According to Peterffy, its customers were long 563 oil contracts on Nymex, as well as 2,448 related contracts listed at another company, Intercontinental Exchange Inc. For each of those, Interactive Brokers will issue a credit of $37,630, he said.

This is where the math went haywire because according to the Interactive Brokers margin model, similar trades to what Shah placed would have required $6,930 per trade in margin if he placed them at Intercontinental Exchange. That’s 231 times the $30 Interactive Brokers charged.

“I realized after the fact the margin for those contracts is very high and these trades should never have been processed,” he said. He didn’t sleep for three nights after getting the $9 million margin call, he said.

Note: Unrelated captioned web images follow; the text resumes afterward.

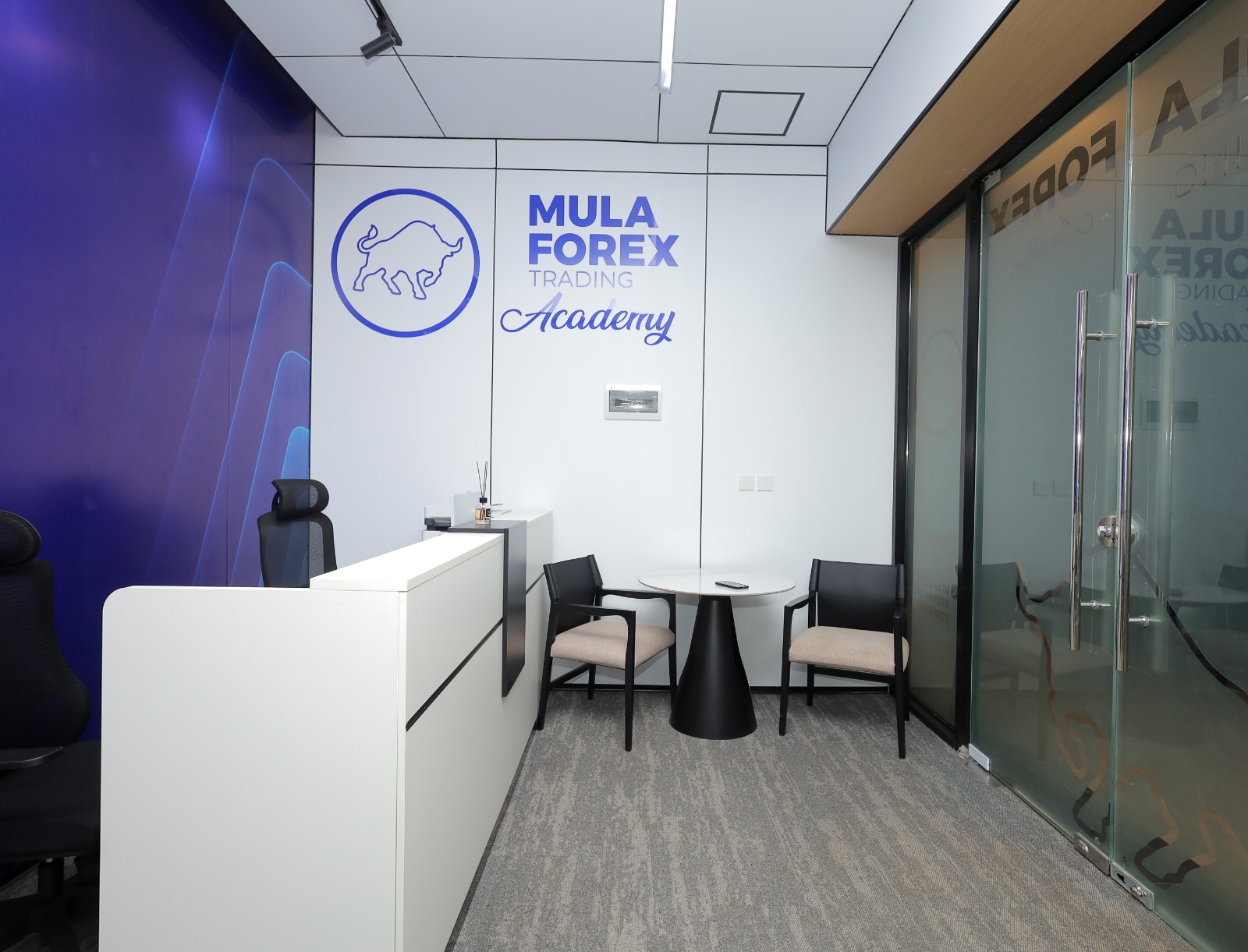 Front Desk & Lounge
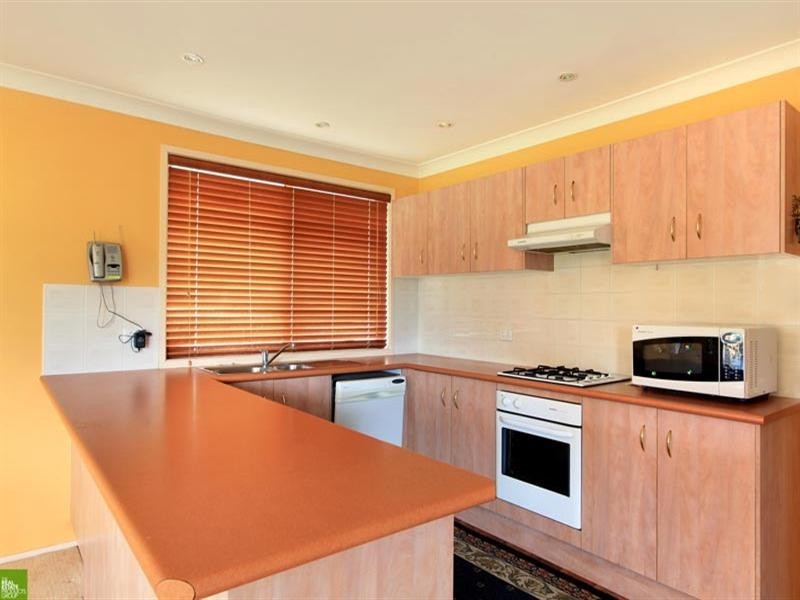 119 Ashburton Drive, Albion Park NSW 2527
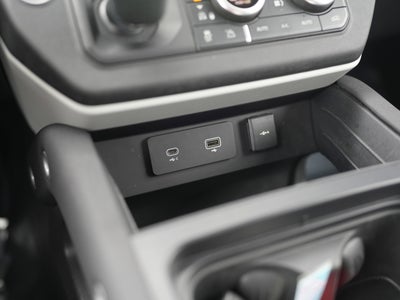 2022 Land Rover Defender 90 Standard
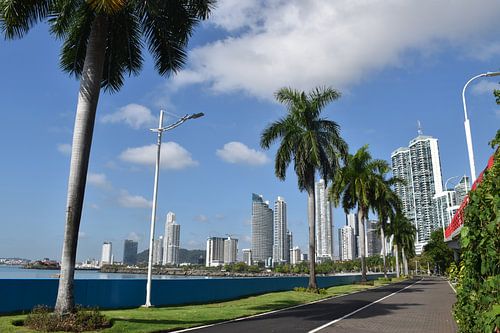De Cinta Costera-promenade was op een ochtend verlaten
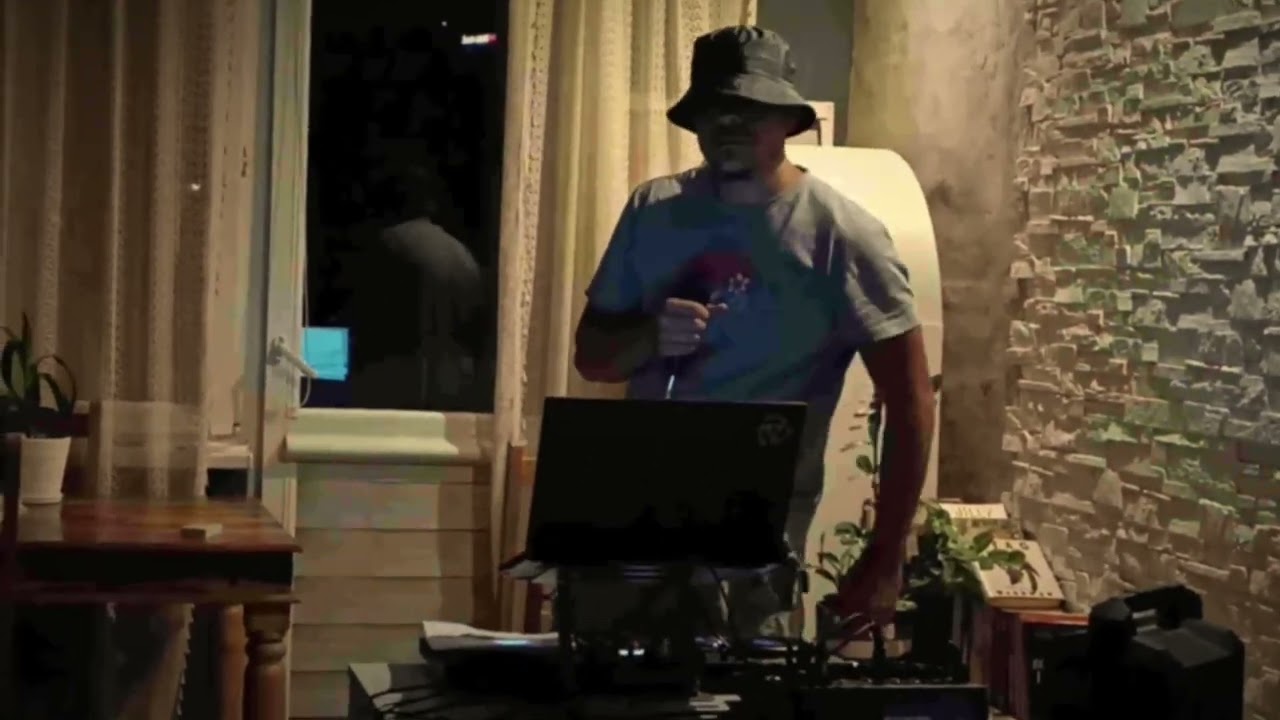 MC Polish Man - Live Performance  - Time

Peterffy said there’s a problem with how exchanges design their contracts because the trading dries up as they near expiration. The May oil futures contract — the one that went negative — was expired the next day after the historic plunge, so most of the market had moved to trading the June contract.

“That’s how it’s possible for these contracts to go absolutely crazy and close at a price that has no economic justification,” Peterffy said. “The issue is whose responsibility is this?”

Well, it’s the responsibility of those who offer the contract for sale, and in this case IB had absolutely no idea what it would do when prices turned negative. And neither did the largest oil ETF, the USO, but that’s a story for another time.